→ **Data extract**:
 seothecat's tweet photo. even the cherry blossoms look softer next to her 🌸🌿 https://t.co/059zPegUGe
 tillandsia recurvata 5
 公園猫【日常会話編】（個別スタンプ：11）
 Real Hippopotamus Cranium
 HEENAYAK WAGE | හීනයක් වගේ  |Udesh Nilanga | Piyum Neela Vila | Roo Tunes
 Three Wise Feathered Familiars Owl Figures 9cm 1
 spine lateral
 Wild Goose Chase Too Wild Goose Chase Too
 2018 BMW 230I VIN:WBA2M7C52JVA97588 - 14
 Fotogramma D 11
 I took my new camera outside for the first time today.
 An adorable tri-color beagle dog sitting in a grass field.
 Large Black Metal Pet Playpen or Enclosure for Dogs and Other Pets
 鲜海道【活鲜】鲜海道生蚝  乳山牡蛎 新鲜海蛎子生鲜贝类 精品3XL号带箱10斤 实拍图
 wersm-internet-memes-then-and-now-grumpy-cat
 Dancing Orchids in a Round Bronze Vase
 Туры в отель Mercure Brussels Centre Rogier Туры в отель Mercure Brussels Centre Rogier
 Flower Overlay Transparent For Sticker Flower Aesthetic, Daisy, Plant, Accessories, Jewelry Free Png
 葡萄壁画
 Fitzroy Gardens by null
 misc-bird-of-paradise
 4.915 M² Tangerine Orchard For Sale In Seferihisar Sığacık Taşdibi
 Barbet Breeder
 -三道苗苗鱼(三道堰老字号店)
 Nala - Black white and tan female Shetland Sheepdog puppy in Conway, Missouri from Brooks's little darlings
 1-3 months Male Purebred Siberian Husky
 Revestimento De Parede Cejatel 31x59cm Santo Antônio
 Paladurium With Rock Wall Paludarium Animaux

→ **Work task**:
Write the listing out again in its entirety, exactly.

→ **Answer box**:
 seothecat's tweet photo. even the cherry blossoms look softer next to her 🌸🌿 https://t.co/059zPegUGe
 tillandsia recurvata 5
 公園猫【日常会話編】（個別スタンプ：11）
 Real Hippopotamus Cranium
 HEENAYAK WAGE | හීනයක් වගේ  |Udesh Nilanga | Piyum Neela Vila | Roo Tunes
 Three Wise Feathered Familiars Owl Figures 9cm 1
 spine lateral
 Wild Goose Chase Too Wild Goose Chase Too
 2018 BMW 230I VIN:WBA2M7C52JVA97588 - 14
 Fotogramma D 11
 I took my new camera outside for the first time today.
 An adorable tri-color beagle dog sitting in a grass field.
 Large Black Metal Pet Playpen or Enclosure for Dogs and Other Pets
 鲜海道【活鲜】鲜海道生蚝  乳山牡蛎 新鲜海蛎子生鲜贝类 精品3XL号带箱10斤 实拍图
 wersm-internet-memes-then-and-now-grumpy-cat
 Dancing Orchids in a Round Bronze Vase
 Туры в отель Mercure Brussels Centre Rogier Туры в отель Mercure Brussels Centre Rogier
 Flower Overlay Transparent For Sticker Flower Aesthetic, Daisy, Plant, Accessories, Jewelry Free Png
 葡萄壁画
 Fitzroy Gardens by null
 misc-bird-of-paradise
 4.915 M² Tangerine Orchard For Sale In Seferihisar Sığacık Taşdibi
 Barbet Breeder
 -三道苗苗鱼(三道堰老字号店)
 Nala - Black white and tan female Shetland Sheepdog puppy in Conway, Missouri from Brooks's little darlings
 1-3 months Male Purebred Siberian Husky
 Revestimento De Parede Cejatel 31x59cm Santo Antônio
 Paladurium With Rock Wall Paludarium Animaux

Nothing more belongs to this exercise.